> _Exercise prompt_
Pictures excluded, retype the lines from the one containing "Tabrakan Adu Banteng" through the last line of the data below, both included.
═══ Excerpted records
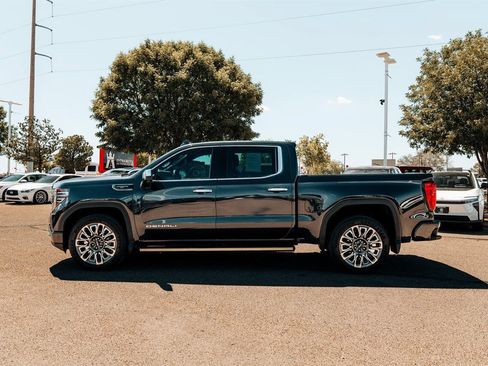 Used 2023 GMC Sierra 1500 Denali Ultimate AWD/4WD image 8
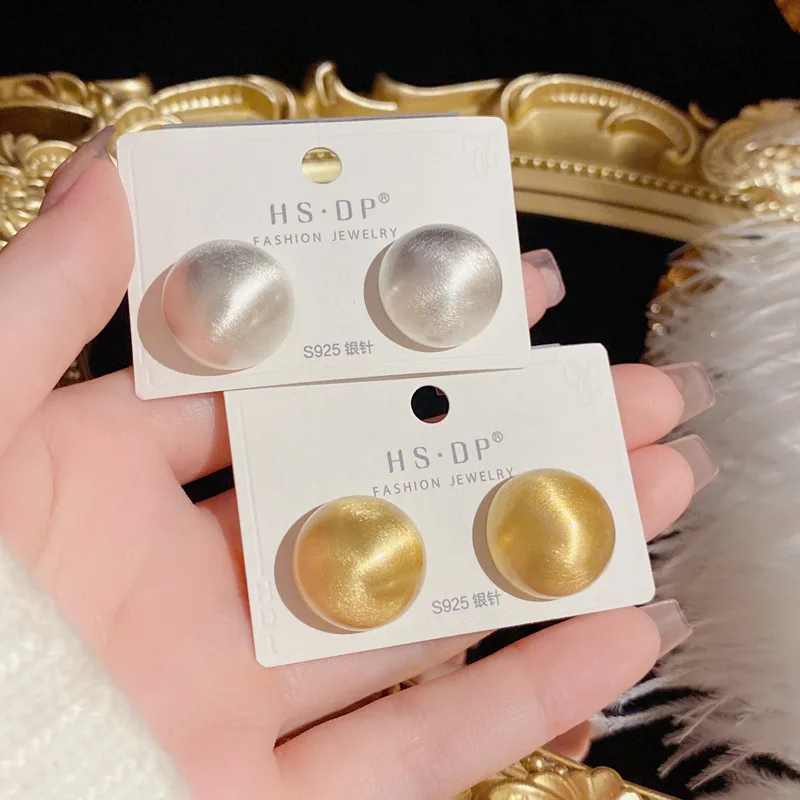 Корейская версия 925 Серебряные модные и простые металлические круглые серьги с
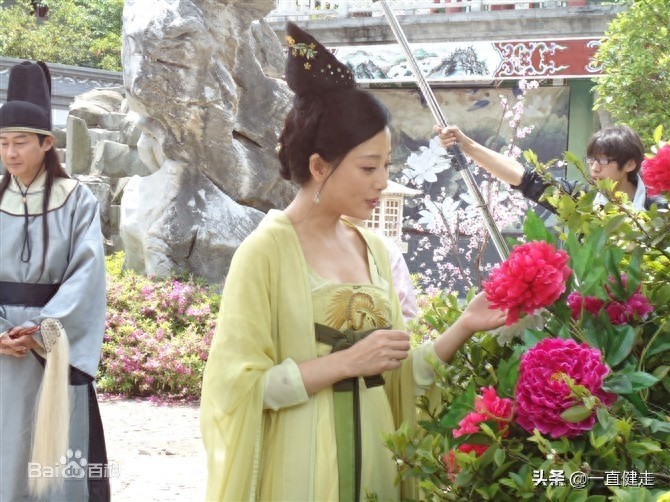 凄美爱情故事——《武则天秘史》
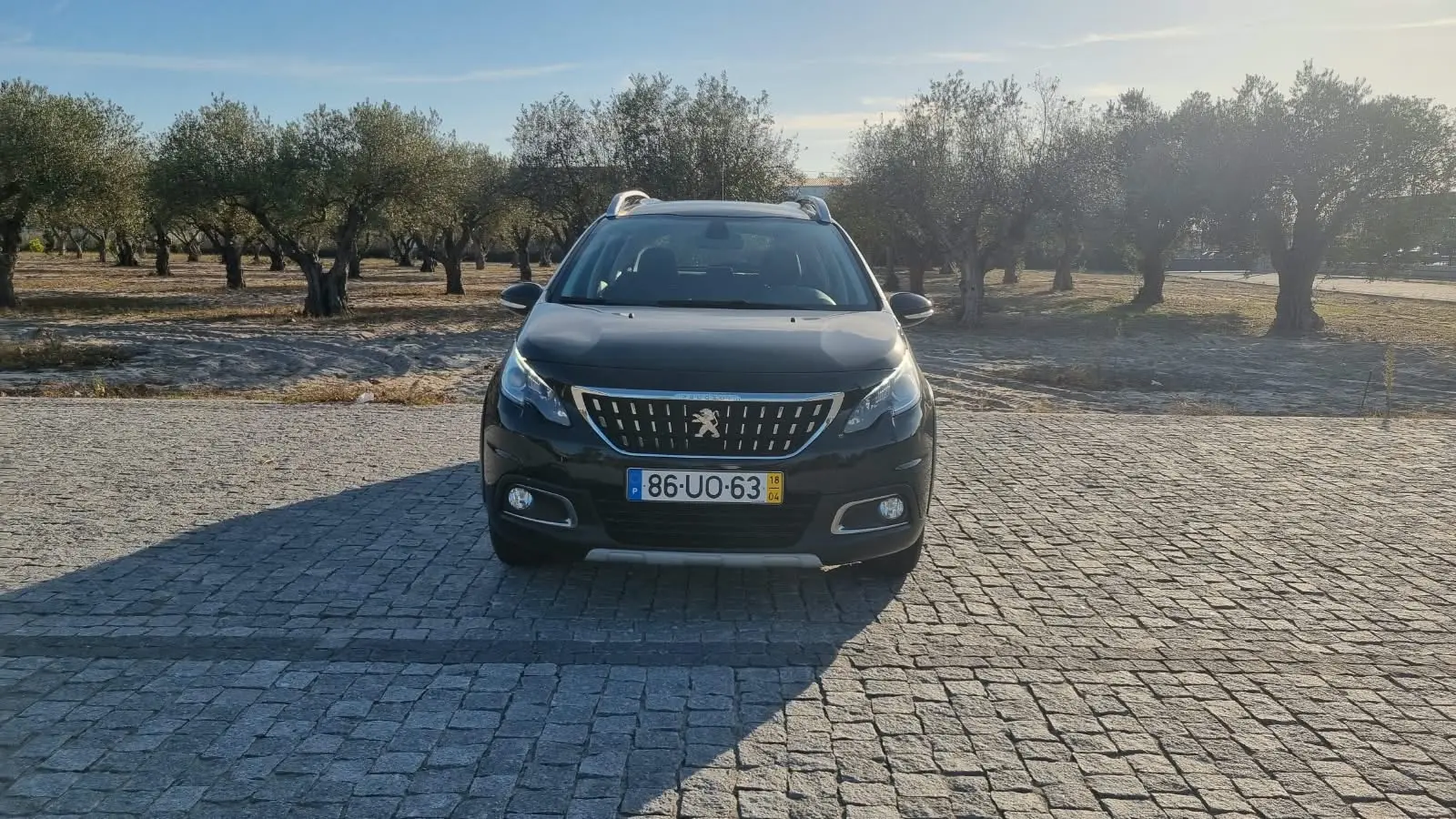 Peugeot 2008 1.2 PureTech Allure EAT6 2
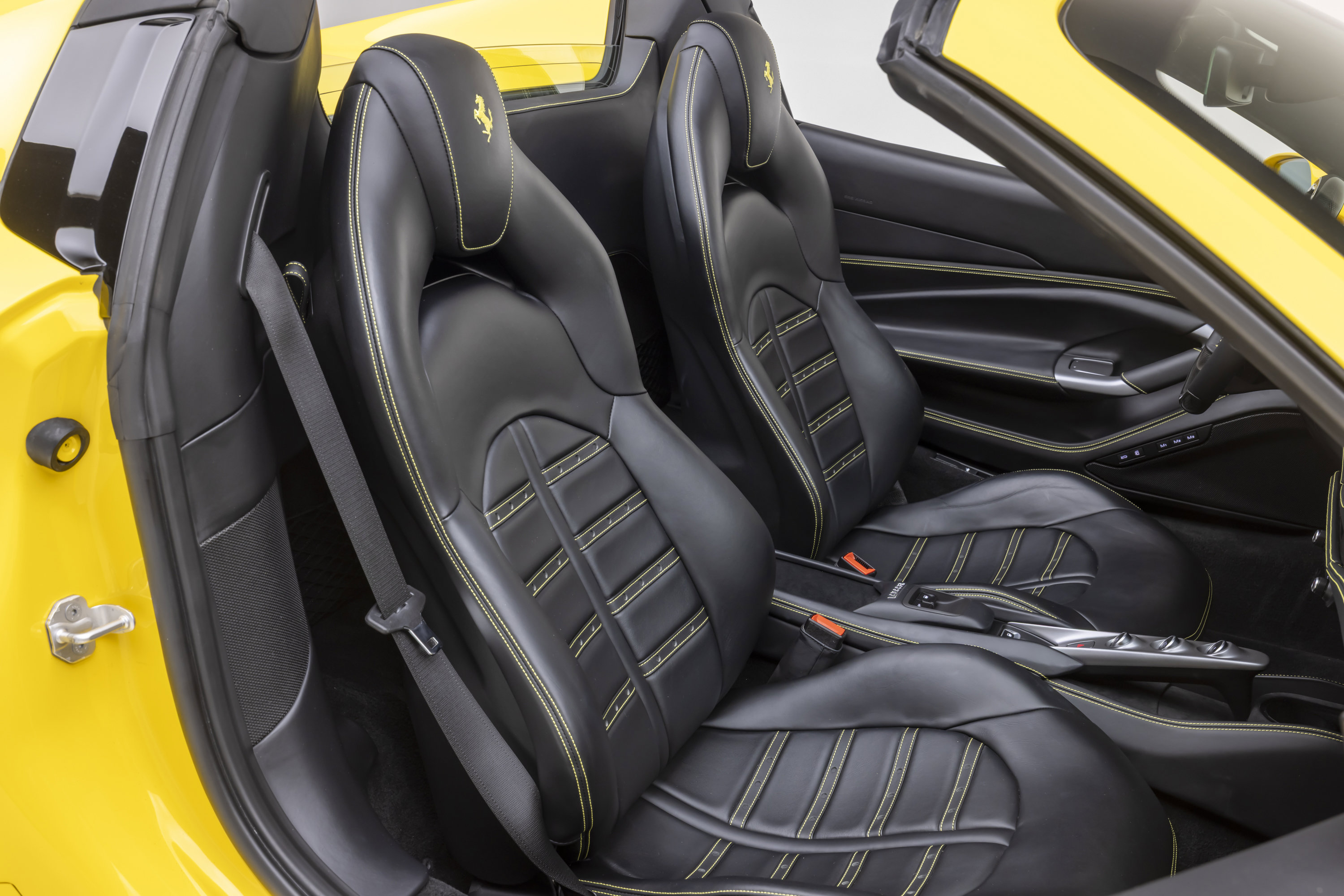 Certified 2022 Ferrari F8 Tributo RWD image 47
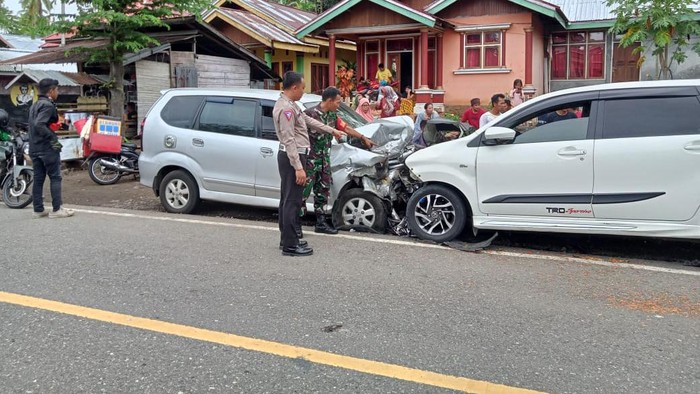 Tabrakan Adu Banteng Dua Mobil di Bolaang Mongondow, 1 Orang Tewas
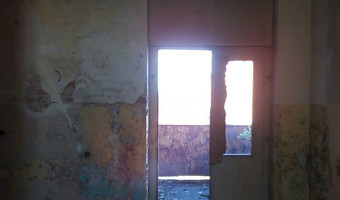 Jeden z opuszczonych budynków w byłych prudnickich koszarach, Prudnik,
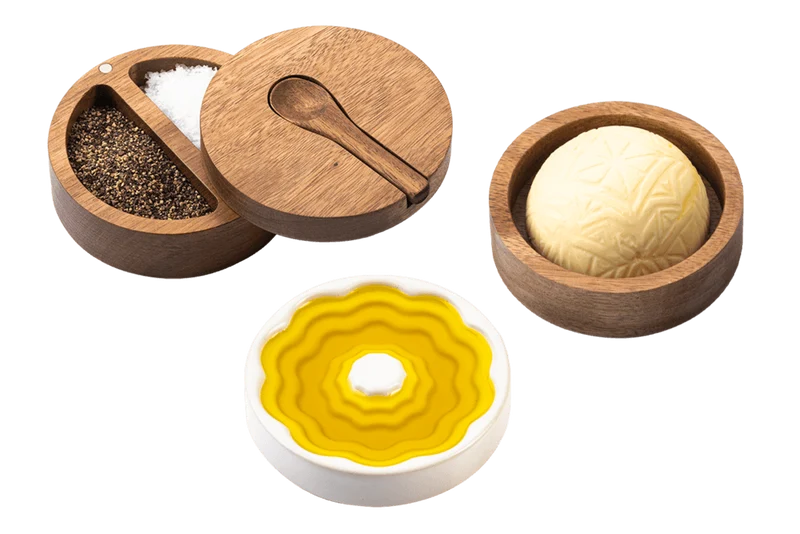 Laguiole-Art de Vie: Olivenölgericht mit Butter und Salz/Pfeffer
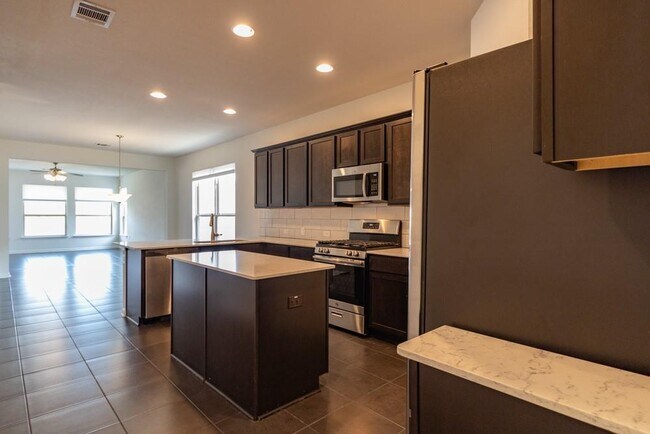 Building Photo - 909 Durness Dr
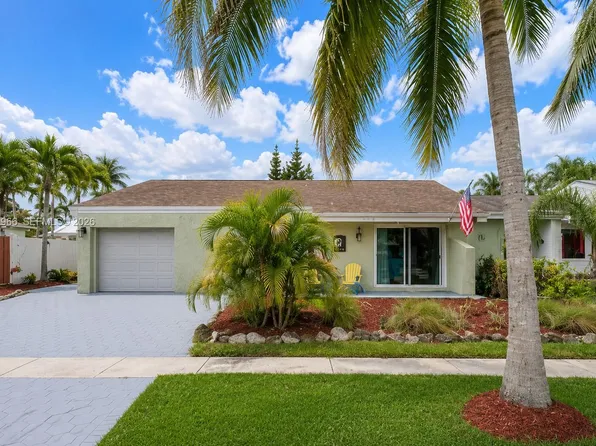 520 SW 167th Ter, Weston, FL 33326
══════
> _Exercise response_
 Tabrakan Adu Banteng Dua Mobil di Bolaang Mongondow, 1 Orang Tewas
 Jeden z opuszczonych budynków w byłych prudnickich koszarach, Prudnik,
 Laguiole-Art de Vie: Olivenölgericht mit Butter und Salz/Pfeffer
 Building Photo - 909 Durness Dr
 520 SW 167th Ter, Weston, FL 33326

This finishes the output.